WASDE data to drop farm markets
The USDA released market bearish estimates Thursday. In its January Supply/Demand and Grain Stocks Reports, the government says the U.S. farmers harvested more corn than previous thought.
Early calls for the commodities are sharply lower Thursday. For corn, traders see a "limit" down start. Soybeans are seen opening 20-30 cents lower and wheat prices to follow.
U.S. Crop Production
For 2011, the USDA estimates U.S. corn production at (12.35 billion bushels vs. the USDA's December estimate of 12.310 billion bushels and the average trade analysts estimate of 12.280 billion.
The USDA estimates the U.S. 2011 soybean production at 3.056 billion bushels, compared to the average trade estimate of 3.042 billion and the USDA's December estimate of 3.046 billion bushels.
For corn, the USDA raised its 2011 U.S. yield at 147.2 bushels per acre vs. the trade's average estimate of 146.4 bushels per acre and the USDA's December estimate of 146.7. The USDA pegged the U.S. soybean yield at 41.5 bushels per acre) vs. the average trade's estimate of 41.3 bushels per acre and the USDA's December estimate of 41.3.
U.S. Grain Stocks
The USDA estimates the U.S. corn stocks, as of December 1, at (9.642 billion bushels vs. the average analyst estimate of 9.401 billion bushels. For soybeans, the USDA estimates the U.S. stocks at (2.366 billion bushels vs. the average analysts estimate at 2.312 billion bushels. USDA estimates the U.S. wheat stocks at (1.656 billion bushels vs. the average trade estimate of 1.679 billion bushels.
Jason Ward, Northstar Commodities grain analyst, says the market will be surprised at this report. "Wow!
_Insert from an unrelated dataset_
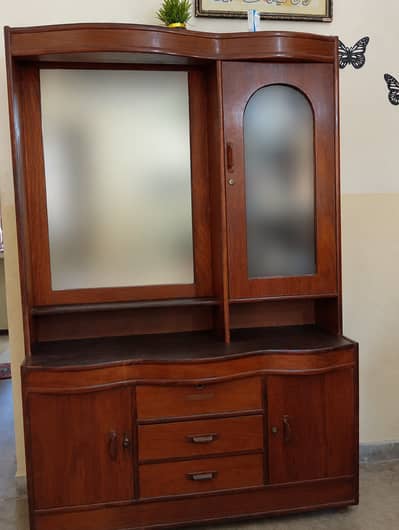 Dressing table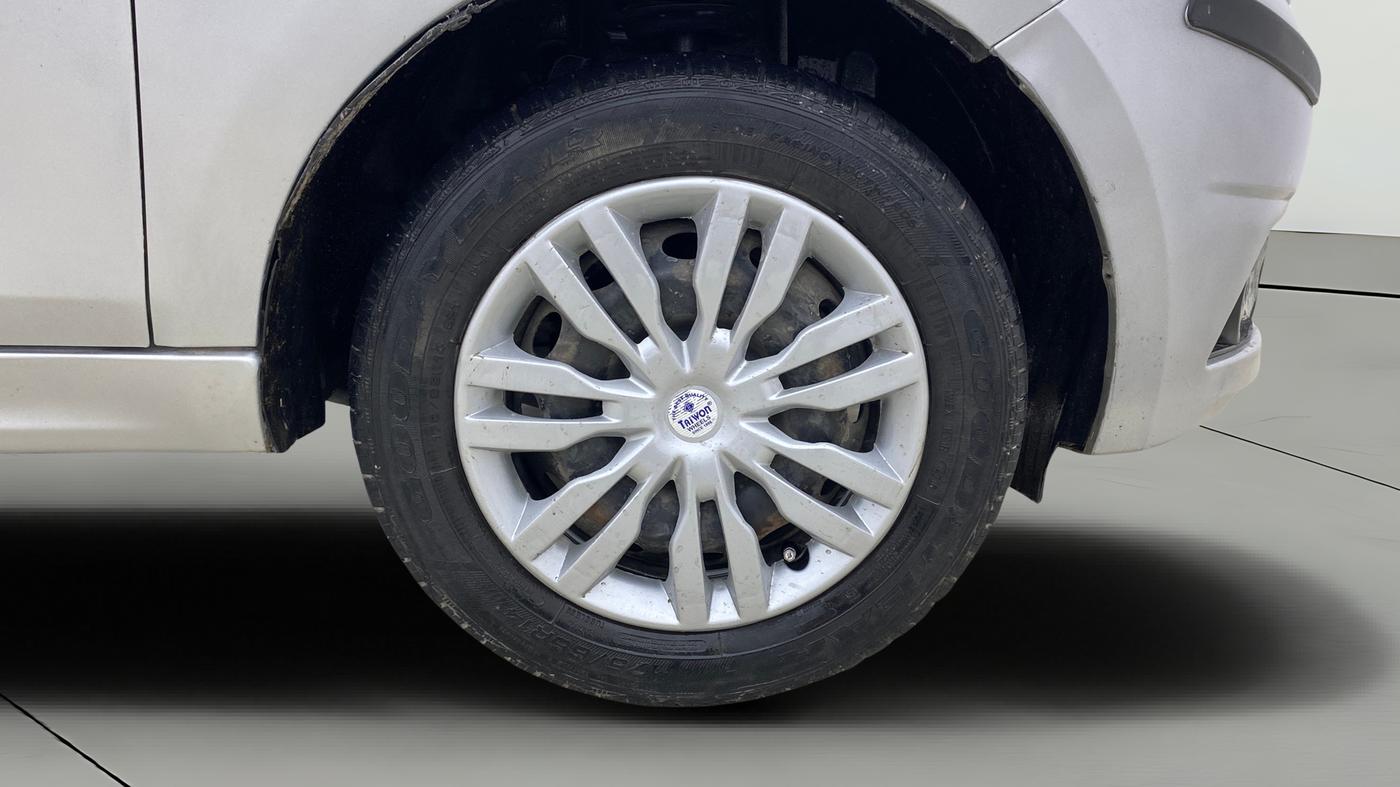2018 Tata Tiago XT PETROL, Petrol, Manual, 52,564 km, Right Front Wheel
It's very bearish Grain Stocks for corn. Beans were also bearish, but not nearly as much as corn. Wheat was surprisingly friendly."
Matt Connelly, an independent CME Group floor trader agrees that the report is unfriendly. "The corn market was caught leaning the wrong way. The Report is bearish corn and beans. Wheat looked neutral but should follow lower," Connelly says.
Sal Gilbertie, Teucrium Trading commodities analyst, sees the Report data as neutral-to-bearish for corn. "Corn use for ethanol is projected to remain steady, even after the expiration of the ethanol related tax credits. Projected world use of corn is projected to rise to a record level once again. February’s report will give more visibility to the situation in South America, which could in turn cause an upward readjustment of projected export demand for U.S corn. Any price dip as a result of this report may be tempered by the uncertainty surrounding SAM weather and production," Gilbertie says.